Page 225 - 2017-yıllık-rapor-SON-PDF
P. 225
TÜRKİYE BÜYÜK MİLLET MECLİSİ KAMU DENETÇİLİĞİ KURUMU
Somut olayda, başvuran şirket tarafından temin edilen konteynerlerin idareye
tutanak karşılığında teslim edilmesine karşın, idare tarafından söz konusu edimlerin
bağış niteliğinde olduğuna ilişkin herhangi bir bilgi ve belge sunulamadığı, ayrıca
Kızılay yetkililerinin başvuran şirketin ürettiği konteynırları teslim aldığı, kurulum
için gerekli çalışmaları yürüttüğü, bu durumun ise taraflar arasında bir sözleşme
ilişkisi olmasa da başvuran şirketin oluşan acil ihtiyaç karşısında, iş sahibi olan
AFAD ve Kızılay’ın menfaatine tasarrufta bulunduğunu göstermektedir. Başvuran
tarafından üç aylık süreçte teslimi gerçekleştirilen konteynırların kurulumunun
gerçekleştirilerek kullanıma sunulmasından idare tarafından bu tasarrufun kabul
gördüğü anlaşılmaktadır. Her ne kadar başvuranın basiretli bir tacir olarak akdedilmiş
sözleşme ile bu edimini ifa etmesi gerekmekte ise de oluşan acil ihtiyaç karşısında
harekete geçmesi idari makamlara yardımcı olma niyetini yansıtmaktadır.
Hukuk sistemimiz arada sözleşme ile kurulan bir ilişki olmasa dahi iş sahibinin
menfaatine yapılan işlerde iş görenin maliyet ve zararlarını arada sözleşme ilişkisi
varmış gibi korumakta olup Yargıtay’ın yerleşik içtihatları da ihale yapılmamasından
dolayı taraflar arasında usulüne uygun akdi ilişki kurulmamış olsa dahi iş görenin
gerçekleştirdiği ve iş sahibi tarafından kabul edilen faydalı imalat bulunduğunun
anlaşılması, sözleşme dışı yapıldığı iddia edilen işlerin iş sahibinin yararına olması
ve işin idarece benimsenmiş olması durumunda idarenin Türk Borçlar Kanununun
vekaletsiz iş görme hükümleri gereğince rayiç bedel üzerinden yapılacak hesaplamayla,
zorunlu ve faydalı masraflarını ödemekle yükümlü olduğu yönündedir. (Yargıtay
Huk.Gen.Kurulu E:2015/95, K:2013/1431, Yargıtay 15. Huk. Dai. E:2015/1724,
2015/3093) Başvuruya konu olay kapsamında da bağışlama iradesi bulunmayan
başvuranın, arada sözleşme ilişkisi kurulmadığı gerekçesiyle acil ihtiyacın giderilmesi
saikiyle gerçekleştirdiği imalatlardan kaynaklanan maliyetlerinin karşılanmaması,
ihtiyacın karşılanması ile maliyetlerin giderilmesi arasındaki dengenin başvuran şirket
aleyhine bozulduğunu göstermektedir. Dolayısıyla hakkaniyet ilkesi gereği başvuran
şirketin idareye teslim ettiği 48 adet konteynerin ücretinin ödenmesi gerekmektedir.

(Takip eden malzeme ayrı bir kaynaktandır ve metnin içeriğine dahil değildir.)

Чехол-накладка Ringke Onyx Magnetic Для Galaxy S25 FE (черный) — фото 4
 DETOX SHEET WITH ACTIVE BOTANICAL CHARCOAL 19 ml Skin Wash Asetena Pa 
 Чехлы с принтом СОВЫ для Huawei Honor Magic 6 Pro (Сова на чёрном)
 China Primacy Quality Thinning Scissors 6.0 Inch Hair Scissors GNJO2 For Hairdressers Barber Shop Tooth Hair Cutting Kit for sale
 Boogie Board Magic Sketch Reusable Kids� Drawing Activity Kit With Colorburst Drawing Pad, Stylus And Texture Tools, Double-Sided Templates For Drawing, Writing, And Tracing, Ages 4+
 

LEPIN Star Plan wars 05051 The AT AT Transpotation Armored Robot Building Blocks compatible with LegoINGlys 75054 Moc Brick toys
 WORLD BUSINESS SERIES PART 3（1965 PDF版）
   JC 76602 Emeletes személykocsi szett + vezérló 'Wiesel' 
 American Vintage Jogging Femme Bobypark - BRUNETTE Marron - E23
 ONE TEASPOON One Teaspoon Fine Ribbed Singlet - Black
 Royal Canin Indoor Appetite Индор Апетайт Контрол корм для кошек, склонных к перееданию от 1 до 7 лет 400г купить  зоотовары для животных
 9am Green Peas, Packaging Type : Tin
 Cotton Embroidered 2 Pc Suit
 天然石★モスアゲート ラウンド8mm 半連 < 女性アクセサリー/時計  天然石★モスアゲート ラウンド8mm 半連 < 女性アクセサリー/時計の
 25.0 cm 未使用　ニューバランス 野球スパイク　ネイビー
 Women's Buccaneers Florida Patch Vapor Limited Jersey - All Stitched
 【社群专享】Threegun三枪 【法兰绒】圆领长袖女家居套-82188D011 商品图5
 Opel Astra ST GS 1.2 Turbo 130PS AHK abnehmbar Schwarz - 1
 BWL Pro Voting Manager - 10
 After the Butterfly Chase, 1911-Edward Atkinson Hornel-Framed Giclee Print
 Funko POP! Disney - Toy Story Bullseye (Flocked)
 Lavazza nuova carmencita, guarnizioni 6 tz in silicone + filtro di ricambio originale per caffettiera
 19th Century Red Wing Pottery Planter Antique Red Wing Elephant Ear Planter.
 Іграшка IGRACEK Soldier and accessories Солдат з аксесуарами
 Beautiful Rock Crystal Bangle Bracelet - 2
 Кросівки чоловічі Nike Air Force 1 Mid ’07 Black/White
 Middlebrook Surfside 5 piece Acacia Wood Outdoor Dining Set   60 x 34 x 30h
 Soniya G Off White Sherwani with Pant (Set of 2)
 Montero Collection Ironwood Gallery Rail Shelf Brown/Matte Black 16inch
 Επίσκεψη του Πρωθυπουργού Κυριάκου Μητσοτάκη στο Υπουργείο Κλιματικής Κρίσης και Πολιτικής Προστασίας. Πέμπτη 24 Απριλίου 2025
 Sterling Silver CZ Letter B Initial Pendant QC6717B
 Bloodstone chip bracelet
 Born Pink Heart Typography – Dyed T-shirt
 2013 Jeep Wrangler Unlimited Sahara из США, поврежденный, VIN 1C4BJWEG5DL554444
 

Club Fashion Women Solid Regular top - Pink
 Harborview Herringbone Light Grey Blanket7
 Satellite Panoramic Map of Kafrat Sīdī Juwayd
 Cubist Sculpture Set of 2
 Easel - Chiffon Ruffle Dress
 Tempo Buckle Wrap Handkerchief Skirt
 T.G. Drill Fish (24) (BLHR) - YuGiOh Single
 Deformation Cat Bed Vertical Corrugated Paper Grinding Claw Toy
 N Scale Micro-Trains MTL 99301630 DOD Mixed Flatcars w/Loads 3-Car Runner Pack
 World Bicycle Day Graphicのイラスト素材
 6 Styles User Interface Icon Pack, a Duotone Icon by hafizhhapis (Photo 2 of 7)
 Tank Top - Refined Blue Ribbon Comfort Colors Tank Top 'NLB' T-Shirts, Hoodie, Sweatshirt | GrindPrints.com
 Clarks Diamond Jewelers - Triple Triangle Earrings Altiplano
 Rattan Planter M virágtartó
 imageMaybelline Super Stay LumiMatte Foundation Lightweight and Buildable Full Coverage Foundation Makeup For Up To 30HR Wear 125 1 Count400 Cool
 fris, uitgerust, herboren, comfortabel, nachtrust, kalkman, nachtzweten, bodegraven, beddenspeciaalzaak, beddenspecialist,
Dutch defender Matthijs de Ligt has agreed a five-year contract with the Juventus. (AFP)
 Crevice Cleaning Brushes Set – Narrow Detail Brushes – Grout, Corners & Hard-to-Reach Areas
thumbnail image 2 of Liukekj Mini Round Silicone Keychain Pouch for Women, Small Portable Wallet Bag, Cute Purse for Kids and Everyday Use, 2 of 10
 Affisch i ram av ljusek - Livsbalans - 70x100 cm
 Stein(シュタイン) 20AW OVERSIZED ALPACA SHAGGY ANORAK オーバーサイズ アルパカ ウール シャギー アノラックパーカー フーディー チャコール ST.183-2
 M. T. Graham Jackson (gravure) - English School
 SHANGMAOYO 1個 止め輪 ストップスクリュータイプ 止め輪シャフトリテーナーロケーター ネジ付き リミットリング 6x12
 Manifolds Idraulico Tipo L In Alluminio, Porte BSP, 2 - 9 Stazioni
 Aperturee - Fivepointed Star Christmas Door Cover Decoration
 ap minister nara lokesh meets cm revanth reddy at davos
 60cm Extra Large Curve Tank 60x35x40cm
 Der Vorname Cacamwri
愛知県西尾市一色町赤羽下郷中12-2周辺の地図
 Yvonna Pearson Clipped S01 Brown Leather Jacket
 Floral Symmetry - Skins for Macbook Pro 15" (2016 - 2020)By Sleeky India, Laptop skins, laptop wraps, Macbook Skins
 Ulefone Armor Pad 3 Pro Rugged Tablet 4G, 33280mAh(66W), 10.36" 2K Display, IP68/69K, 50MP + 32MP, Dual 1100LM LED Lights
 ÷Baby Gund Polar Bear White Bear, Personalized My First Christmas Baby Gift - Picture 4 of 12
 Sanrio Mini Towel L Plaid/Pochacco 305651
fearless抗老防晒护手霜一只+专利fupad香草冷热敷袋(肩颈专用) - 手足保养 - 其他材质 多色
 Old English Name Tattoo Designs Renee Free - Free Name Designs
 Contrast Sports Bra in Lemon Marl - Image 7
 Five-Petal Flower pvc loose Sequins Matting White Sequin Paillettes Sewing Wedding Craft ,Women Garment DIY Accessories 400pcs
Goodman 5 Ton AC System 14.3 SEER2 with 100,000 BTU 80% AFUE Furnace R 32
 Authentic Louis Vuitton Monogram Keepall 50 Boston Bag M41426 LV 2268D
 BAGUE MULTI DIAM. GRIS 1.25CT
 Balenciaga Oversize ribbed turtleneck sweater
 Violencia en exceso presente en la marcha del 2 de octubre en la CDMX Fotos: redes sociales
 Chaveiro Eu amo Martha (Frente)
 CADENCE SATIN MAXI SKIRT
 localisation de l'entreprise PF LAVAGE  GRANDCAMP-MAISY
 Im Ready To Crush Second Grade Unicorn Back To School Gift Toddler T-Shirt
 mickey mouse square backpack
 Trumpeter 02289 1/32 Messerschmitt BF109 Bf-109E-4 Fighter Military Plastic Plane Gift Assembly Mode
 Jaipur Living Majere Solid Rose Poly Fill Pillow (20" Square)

Diğer taraftan Kızılay ve başvuran şirket arasında 03/02/2012 tarihinde akdedilen
“İşbirliği Protokolü”nde söz konusu vincin bedelsiz surette teslim edileceği ile vinç
personelinin ücretinin Kızılay’dan talep edilmeyeceğinin kararlaştırıldığı, ayrıca
Kızılay tarafından başvuran şirkete hitaben yazılan 19/12/2011 ve 27/12/2011 tarihli
yazılarda 05/11/2011 tarihinden itibaren vinç ve operatörlerinin gönüllü olarak
çalıştığının ifade edildiği, öte yandan başvuran şirket tarafından Türk Kızılayı Erciş
Ekip Başkanlığına hitaben yazılan 01/03/2012 tarihli yazıda bahse konu vincin
bağışlandığı hususunun teyit edildiği, dolayısıyla başvuran şirket tarafından vinç ve
operatörlerini gönüllü olarak çalıştırdığı anlaşıldığından başvuran şirketin vinç kira
bedeli talebinin yerinde olmadığı değerlendirilmiştir.